**What to do:**
Exclude the pictures, and otherwise reproduce the data in full.
Top of Given material
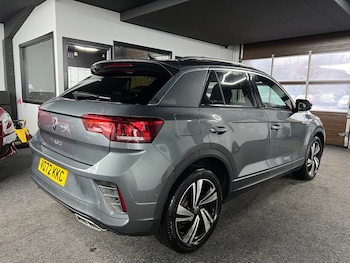 Used Volkswagen T-Roc 2022 for sale - 77133273: Photo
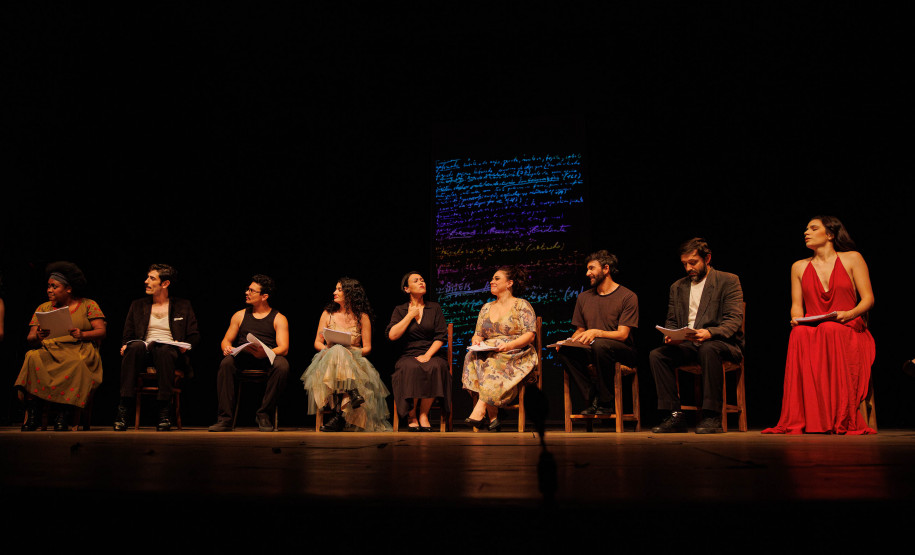 Sucesso no Festival de Curitiba, espetáculo “Daqui Ninguém Sai” estreia nova temporada no Guairinha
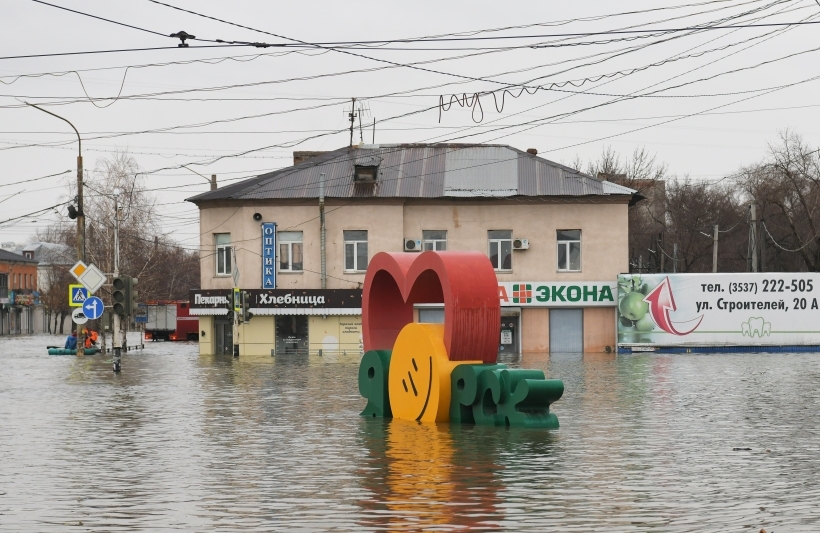 Оренбургский Орск затопило из-за прорыва дамбы. Фото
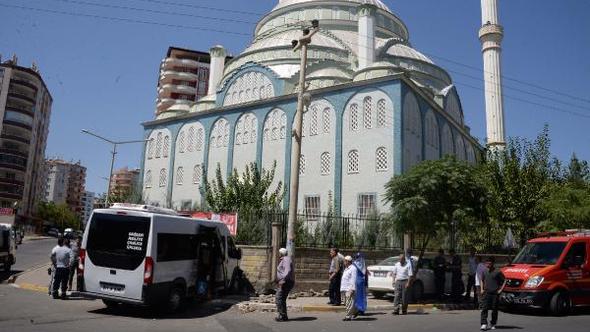 insanlığın bittiği an: Yaralılar can, hırsız cüzdan derdinde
Bottom of Given material
**Solution to this problem:**
 Used Volkswagen T-Roc 2022 for sale - 77133273: Photo
 Sucesso no Festival de Curitiba, espetáculo “Daqui Ninguém Sai” estreia nova temporada no Guairinha
 Оренбургский Орск затопило из-за прорыва дамбы. Фото
 insanlığın bittiği an: Yaralılar can, hırsız cüzdan derdinde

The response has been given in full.